Vor der Bundestagswahl geht es den Forschern vor allem darum, die Ursachen dieser Entwicklung zu beschreiben. „Wir stellen eine dramatische Verschiebung von den Arbeits- zu den Kapitaleinkommen fest“, sagte Horn. Vielen Arbeitnehmern ging es schlechter, während Vermögensbesitzer höhere Einkommen erzielten.

 

Auf dem Arbeitsmarkt spielten drei Entwicklungen eine Rolle: Erstens nahm die Zahl der sogenannten atypischen Arbeitsplätze im Dienstleistungsbereich zu, die besonders schlecht bezahlt werden. Zweitens gingen niedrige und hohe Löhne für Beschäftigte stärker auseinander als früher. Hinzu kamen ferner die Sozialreformen von Kanzler Schröders Agenda 2010 – besipielsweise die Abschaffung der Arbeitslosenhilfe kostete Millionen Menschen richtig Geld.

 

Auf der Sonnenseite profitierten die Wohlhabenden und Reichen dagegen von den Steuersenkungen, die die Bundesregierungen seit Beginn der 1990er Jahre durchführten.

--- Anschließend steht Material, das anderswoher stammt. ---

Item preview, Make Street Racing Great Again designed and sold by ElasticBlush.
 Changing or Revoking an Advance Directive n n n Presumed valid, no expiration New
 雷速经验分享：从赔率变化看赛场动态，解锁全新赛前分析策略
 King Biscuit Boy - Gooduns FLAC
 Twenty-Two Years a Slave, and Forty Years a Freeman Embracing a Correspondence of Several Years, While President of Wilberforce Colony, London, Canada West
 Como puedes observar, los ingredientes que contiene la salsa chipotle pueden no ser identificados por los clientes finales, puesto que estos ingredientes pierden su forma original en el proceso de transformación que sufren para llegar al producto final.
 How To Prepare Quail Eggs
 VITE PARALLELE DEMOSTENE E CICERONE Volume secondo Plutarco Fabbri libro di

Die Abgabenbelastung für höhere Einkommen und Vermögen sank rapide.

 

In dieser Entwicklung sah Horn nicht nur ein Gerechtigkeitsproblem. Je ungleicher eine Gesellschaft sei, desto mehr stehe auch ihre ökonomische Stabilität in Frage, argumentierte der Forscher. Einfach gesagt: Ungerechtigkeit fördert Finanzkrisen. Den Zusammenhang stellte Horn so her: Wenn Reiche weniger Steuern zahlten, investierten sie mehr Geld auf den Finanzmärkten. Dies könne zu Finanzblasen und entsprechenden Krisen führen.

 

Als Gegenmittel empfiehlt das IMK Politikansätze, die die soziale Spreizung wieder verringern. Dazu gehörten höhere Einkommens-, Vermögens- und Erbschaftssteuern für gutsituierte Bürger und ein gesetzlicher Mindestlohn für schlecht verdienende Arbeitnehmer.